▶ **Task description**
A complete answer includes every line below with the word "Package".

▶ **Task data**
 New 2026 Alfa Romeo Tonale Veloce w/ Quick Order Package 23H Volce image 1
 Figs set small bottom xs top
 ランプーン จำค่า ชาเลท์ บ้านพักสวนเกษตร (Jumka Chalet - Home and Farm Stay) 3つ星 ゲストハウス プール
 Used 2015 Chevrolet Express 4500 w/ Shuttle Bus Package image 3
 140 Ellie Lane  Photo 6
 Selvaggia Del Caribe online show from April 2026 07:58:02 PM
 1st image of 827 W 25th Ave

▶ **Solution to this exercise**
 New 2026 Alfa Romeo Tonale Veloce w/ Quick Order Package 23H Volce image 1
 Used 2015 Chevrolet Express 4500 w/ Shuttle Bus Package image 3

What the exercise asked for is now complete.